_Your assignment:_ In the records below, the lines between the one holding "T-shirts caribéens" and the one holding "ADAPTADOR USB 2.0", inclusive, are to be transcribed exactly; no pictures are to be included.

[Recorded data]
☆ ☆ ☆

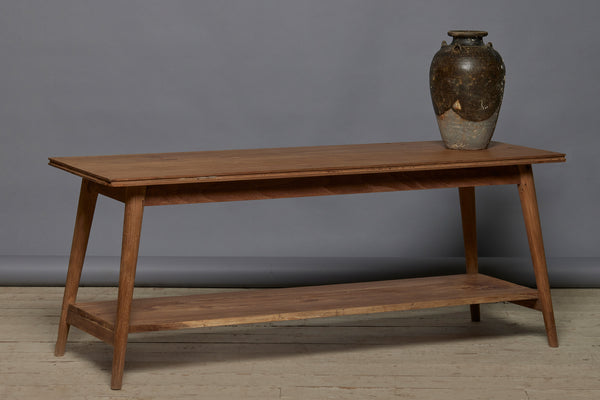 Mid Century Modern Teak Coffee Table from Java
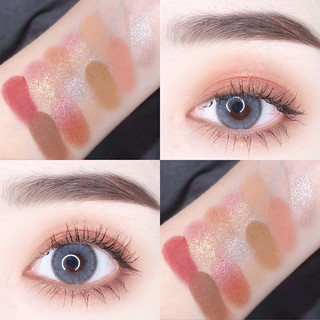 Phấn mắt nhũ FrankColer 24 ô con cáo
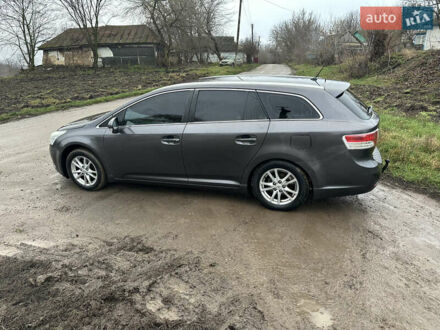 Серый Тойота Авенсис, объемом двигателя 2 л и пробегом 275 тыс. км за 8700 $, фото 1 на Automoto.ua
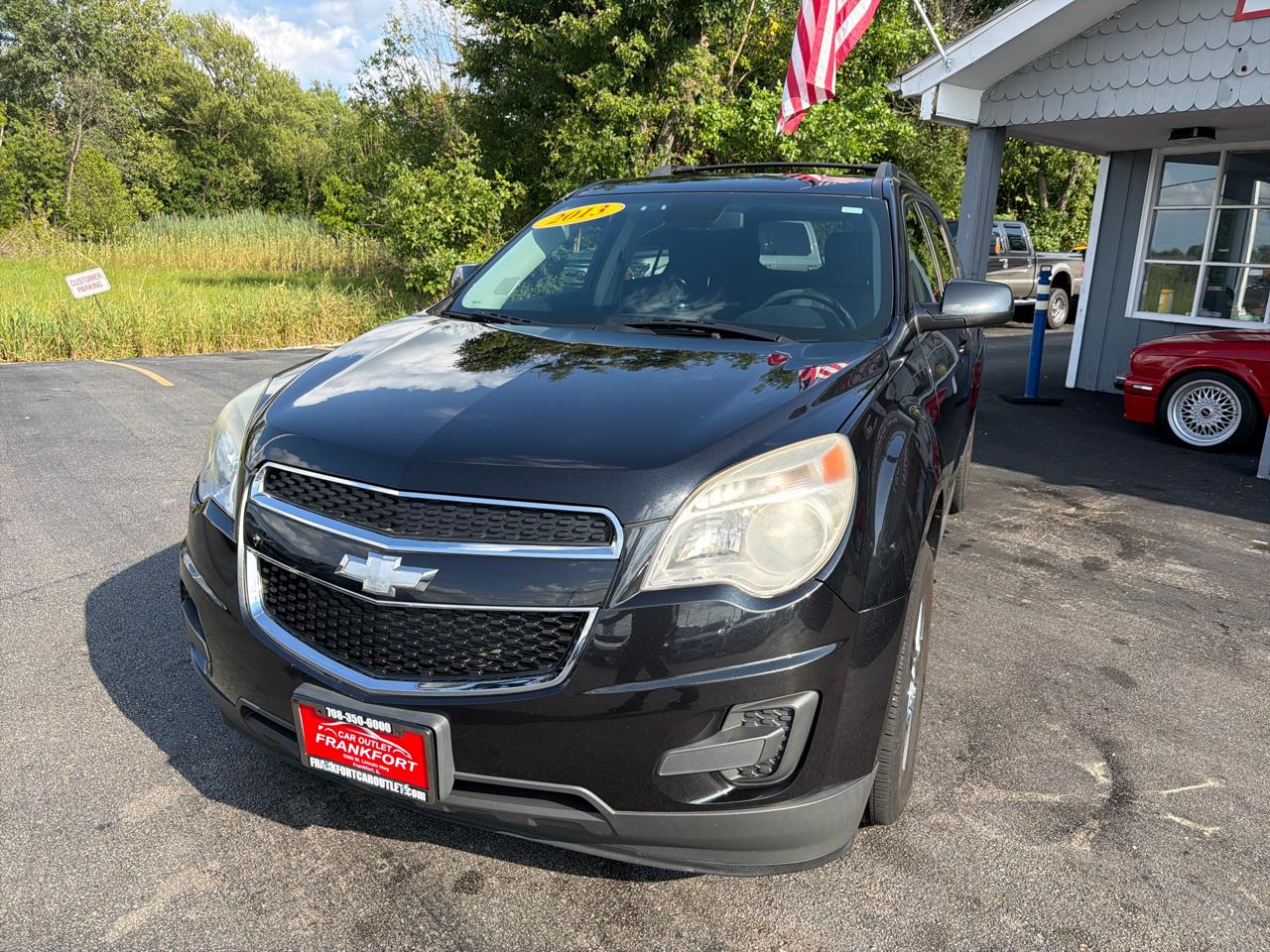 Chevrolet Equinox FWD 4dr LT w/1LT 2013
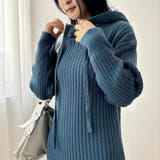 ニットロングワンピース ワンピース ニットワンピ | maison de LATIR | 詳細画像6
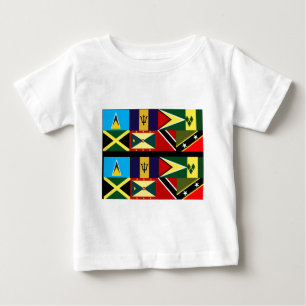 T-shirts caribéens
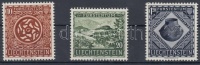 1953 Nemzeti múzeum sor Mi 319-321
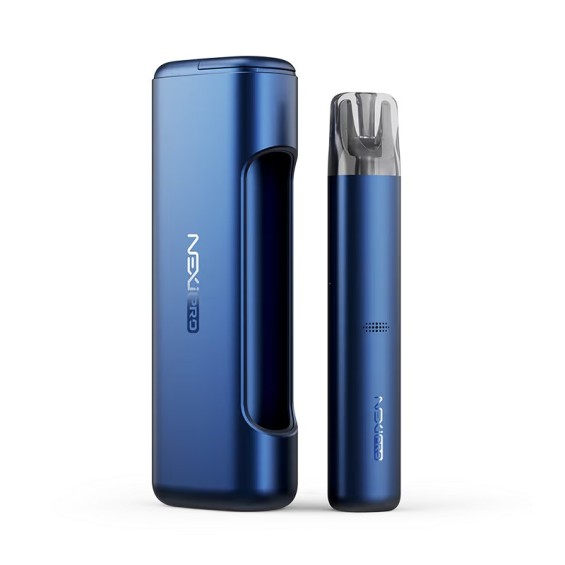 Aspire Nexi Pro Pod Mod mavi, kompakt elektronik sigara cihazı
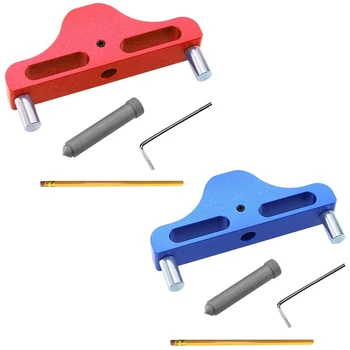 

Caliper Scribe Gauge Center Finder Woodworking Center Scribe for Gauge Marking Layout Woodworking Measurement Tool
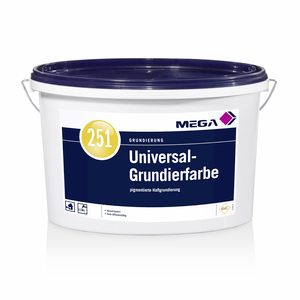 MEGA 251 Universal-Grundierfarbe 20,00 kg weiß  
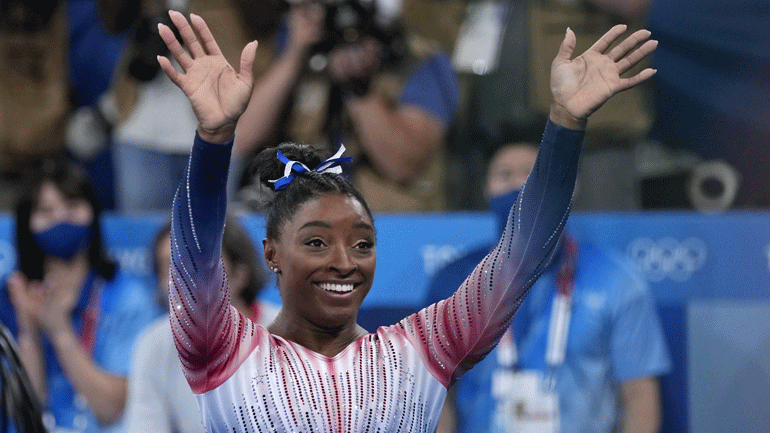 Ενόργανη γυμναστική: Χάλκινο μετάλλιο για την Μπάιλς στη δοκό ισορροπίας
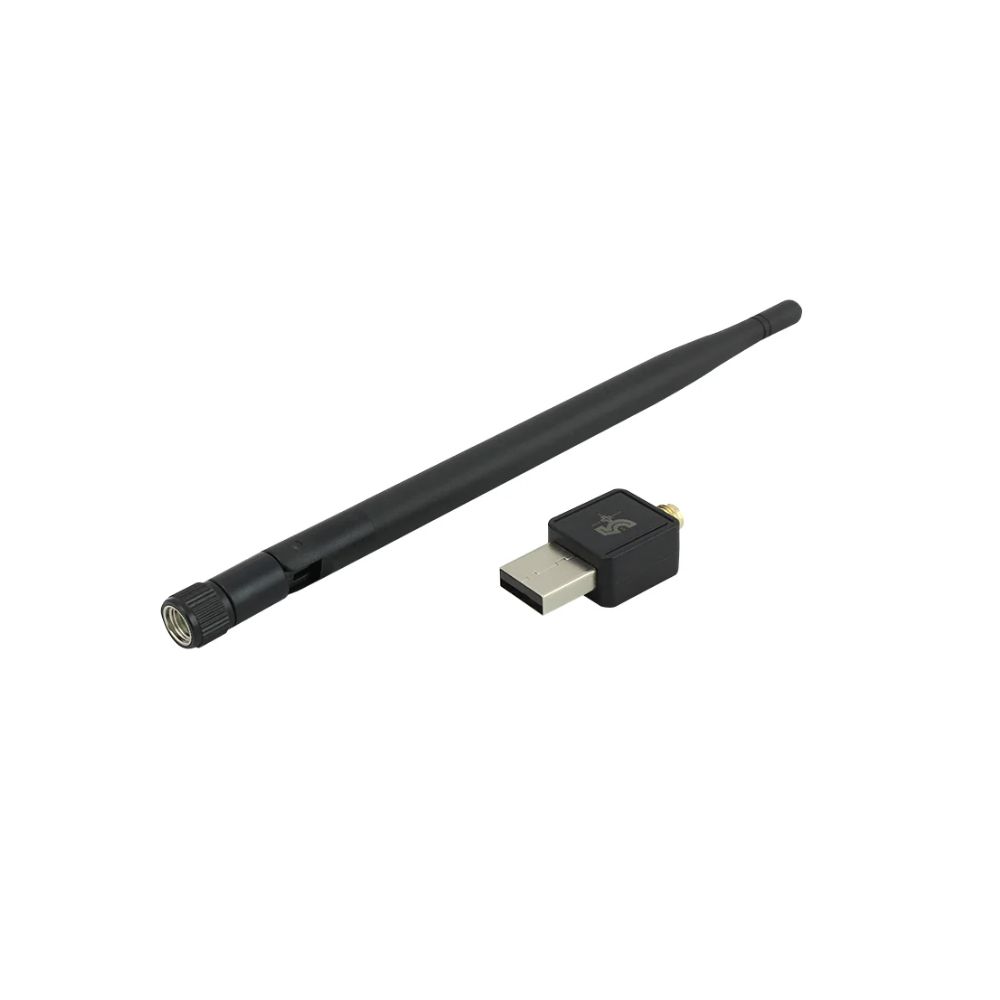 ADAPTADOR USB 2.0 WIRELESS COM ANTENA 2.4GHZ 015-0065 5+ BOX - Imagem 3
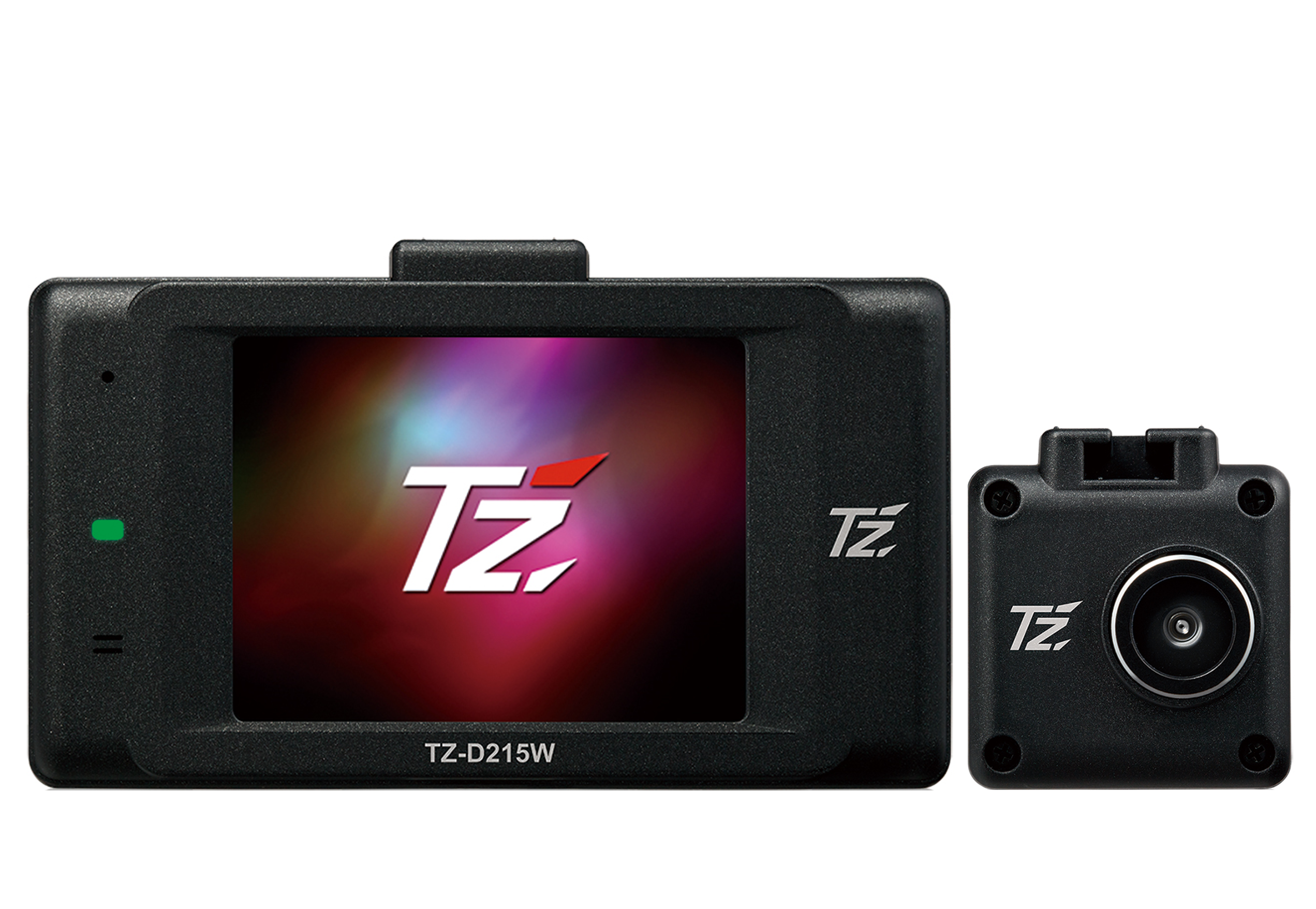 2カメラドライブレコーダー TZ-D215W|TZ商品|トヨタモビリティパーツ
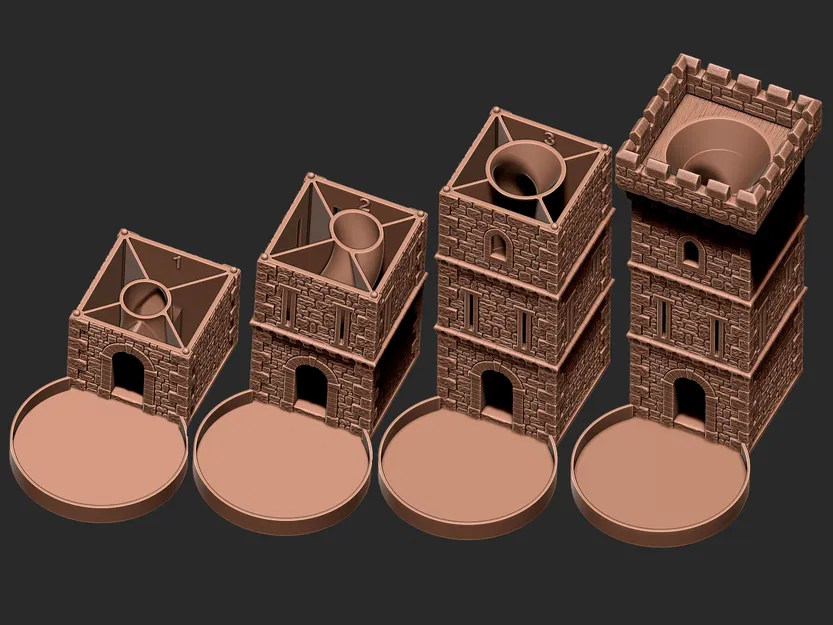 Tháp đổ xúc xắc Vogland Castle - In không cần support cực dễ cho những lượt đổ xúc xắc đỉnh cao! - Image 7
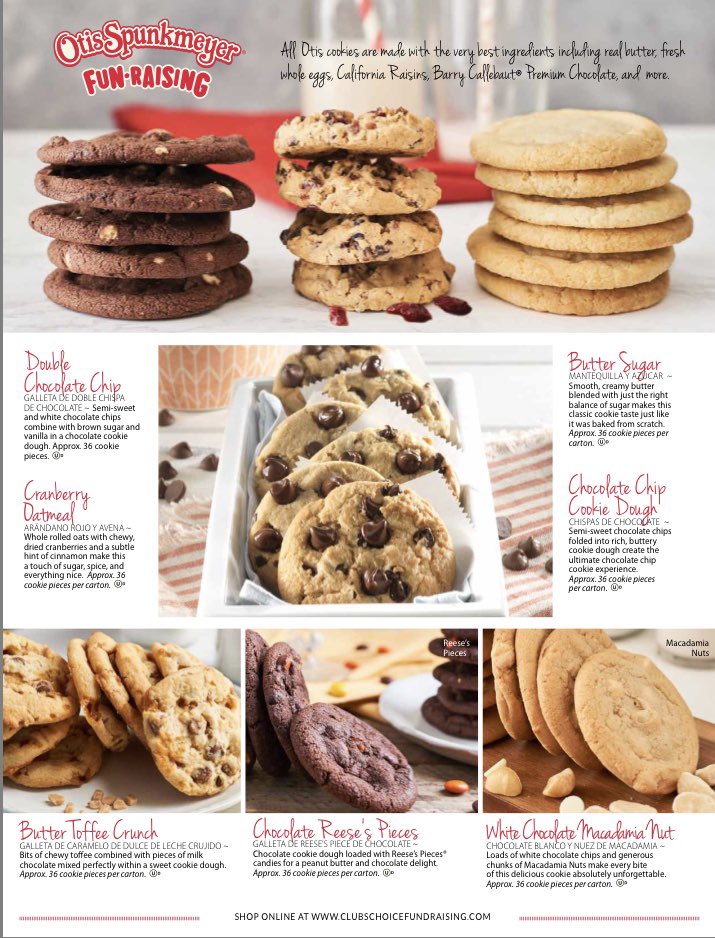 ecmdeca's tweet image. It’s that time of year again! MHS DECA is selling Otis Spunkmeyer Cookies! Contact a DECA member or DM us if you’d like to purchase! #WIDECA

☆ ☆ ☆

_Exercise solution:_
 T-shirts caribéens
 1953 Nemzeti múzeum sor Mi 319-321
 Aspire Nexi Pro Pod Mod mavi, kompakt elektronik sigara cihazı

Caliper Scribe Gauge Center Finder Woodworking Center Scribe for Gauge Marking Layout Woodworking Measurement Tool
 MEGA 251 Universal-Grundierfarbe 20,00 kg weiß  
 Ενόργανη γυμναστική: Χάλκινο μετάλλιο για την Μπάιλς στη δοκό ισορροπίας
 ADAPTADOR USB 2.0 WIRELESS COM ANTENA 2.4GHZ 015-0065 5+ BOX - Imagem 3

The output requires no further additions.